Tak wynika z wielu korzystnych dla członków spółdzielni mieszkaniowych orzeczeń Sądu Najwyższego.
Wkład budowlany do spółdzielni czytelnik wpłacał w latach 2003 – 2005. W 2005 r. otrzymał klucze. Teraz ze spółdzielni przyszło pismo, w którym żąda ona dopłaty do wkładu, bo po zbadaniu bilansów i sprawozdań finansowych przez biegłego rewidenta okazało się, że wkład był zaniżony, nie odpowiadał kosztom inwestycji. W 2005 r. czytelnik dostał rozliczenie, z którego wynikało, że wpłacił wkład w całości. Pyta, czy spółdzielnia ma prawo żądać dopłaty.
Spółdzielnia co do zasady może wysuwać takie żądanie, jeśli wysokość wkładu została ustalona wstępnie.
Od 31 lipca 2007 r. spółdzielnie nie mogą już ustanawiać spółdzielczych własnościowych praw do lokali ani praw do miejsc postojowych. Wyjątek to przekształcenie prawa lokatorskiego na własnościowe w budynkach posadowionych na gruntach o nieuregulowanym statusie własnościowym. Oczywiście takie prawa ustanowione wcześniej istnieją i istnieć będą do momentu, gdy ich aktualni posiadacze zdecydują się na przekształcenie go w prawo odrębnej własności lokalu.

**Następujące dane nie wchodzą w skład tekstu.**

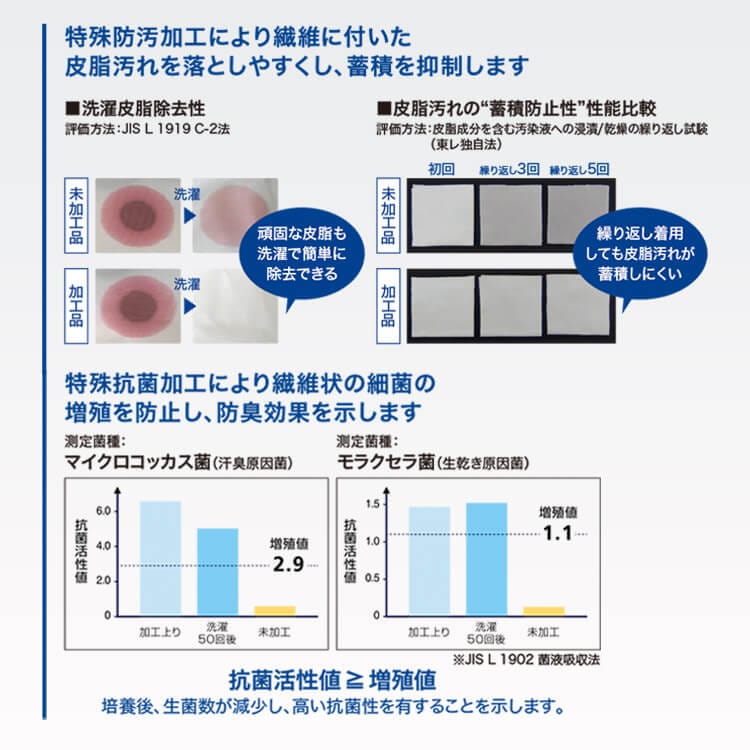 空調服 ベスト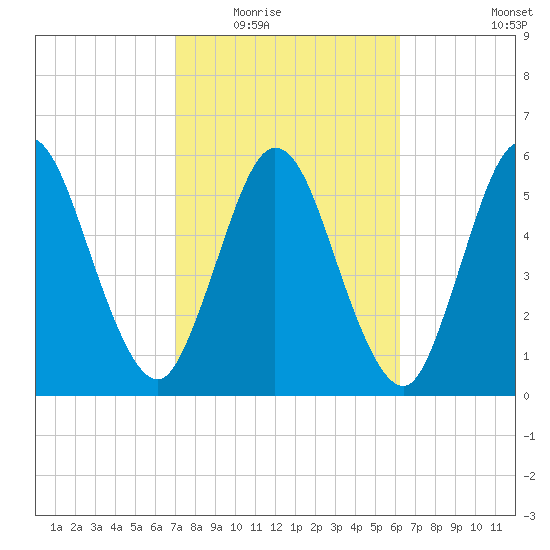 Jekyll Island tide chart for Tuesday, February 16, 2021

Obowiązuje też ciągle art. 177 ustawy z 15 grudnia 2001 r. o spółdzielniach mieszkaniowych będący prawną podstawą do żądania dopłaty do wkładu budowlanego. W myśl tego przepisu, jeżeli w wyniku ostatecznego rozliczenia kosztów budowy powstała różnica pomiędzy wysokością wstępnie ustalonego wkładu budowlanego a kosztami budowy, zobowiązany do dopłaty jest członek spółdzielni lub osoba niebędąca jej członkiem, której w chwili dokonania ostatecznego rozliczenia przysługuje spółdzielcze własnościowe prawo do lokalu. W razie różnicy in minus takiej osobie przysługuje również zwrot części wkładu.